A further problem is in central midfield. The transitions from attack to defence are not always quick enough or smooth enough. Chelsea can be really open in this area with Mikel and Ramires often left two against three, whilst the ‘three amigos’ are some way in-front. If Ramires forays forward then Mikel can be left in a one against three situation and with his lack of pace this can be a really vulnerable area for Chelsea. This is a contributory factor to Chelsea conceding so many goals. With regards to them attacking the transitions are always poor unless Mata is in the side, as he often comes deep to pick up the ball and link play.
A look at the 4-3-3
A worry for Chelsea at the moment is how badly they look to be without a plan B. With their current personnel they are quite limited, although a 4-3-3 is probably the best plan B they have. The major shift would be a three man central midfield which could involve either recalling Lampard or dropping Oscar back into centre midfield. Oscar has done well playing a bit deeper at times, he did it against Manchester United in the Capital One Cup and he has also done important tactical jobs marking Pirlo and Arteta effectively so far this season. Despite his light frame he is no pushover and has the engine to get up and down the pitch alongside Ramires, whilst Mikel sits deep.

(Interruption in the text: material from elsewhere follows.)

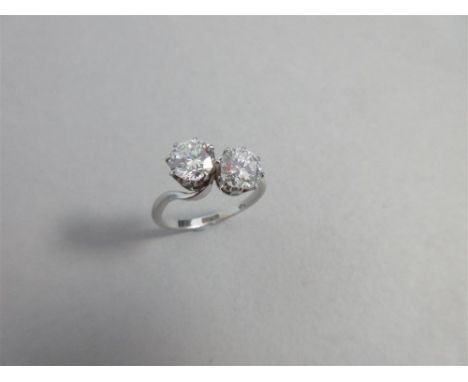 A two stone diamond ring, the two round brilliant cut diamonds claw set obliquely with the plain shank tapering to curve arou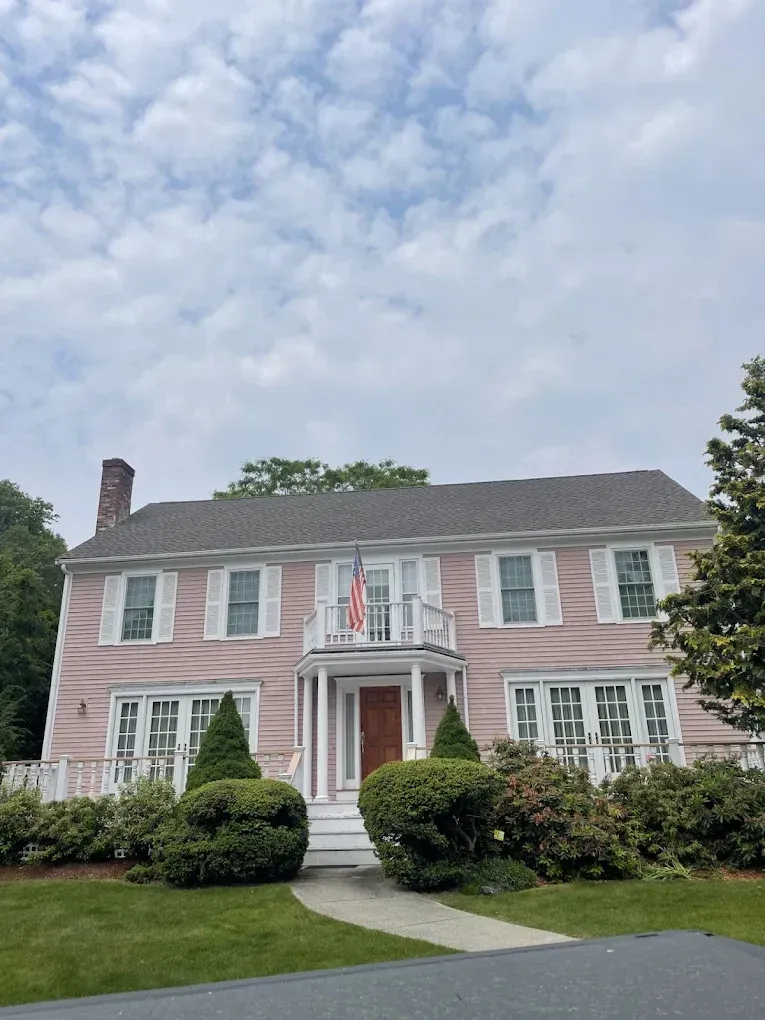 Pink colonial-style house with white shutters, a front porch, and a manicured lawn under a cloudy sky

Out wide Neither Mata nor Hazard would be that keen on playing as wingers. Both stars want to drift inside and as such the problems of defending at full-back might remain. However Chelsea could play Mata deeper instead of Oscar and play Moses and Hazard wide. Moses would be comfortable doing this and can stretch the pitch with his pace and dynamism, he is also able and willing to get back and defend when required.
Another problem with this is that Chelsea don’t have a striker who is capable of playing in an isolated role, which can happen in a 4-3-3. Torres is not very mobile anymore and Sturridge is still untested. Chelsea could thus use Hazard as a false 9 and play Moses and Mata in wider areas. Mata of course played wide left under AVB last season to quite a good effect. This may make the alternative more of a 4-3-2-1 with three centre mids and Mata and Hazard behind Torres.
A 4-3-3 is not the perfect solution. Chelsea don’t have the personnel for it. The club acquired a huge deal of play makers in the summer, with their only natural wingers being Marin (linked with a move away already) and Moses. Hazard and Mata both want central roles, which would mean if they featured wide they would drift inside, in turn creating the same problems that persist in the 4-2-3-1. It is still an option worth exploring, but right now it will not solve all of Chelsea’s options. What Chelsea need is a re-balancing of their playing-staff which will happen in January and the Summer. Rafa Benitez is quite a conservative coach however and may opt for a more solid approach perhaps by dropping Oscar back into centre midfield.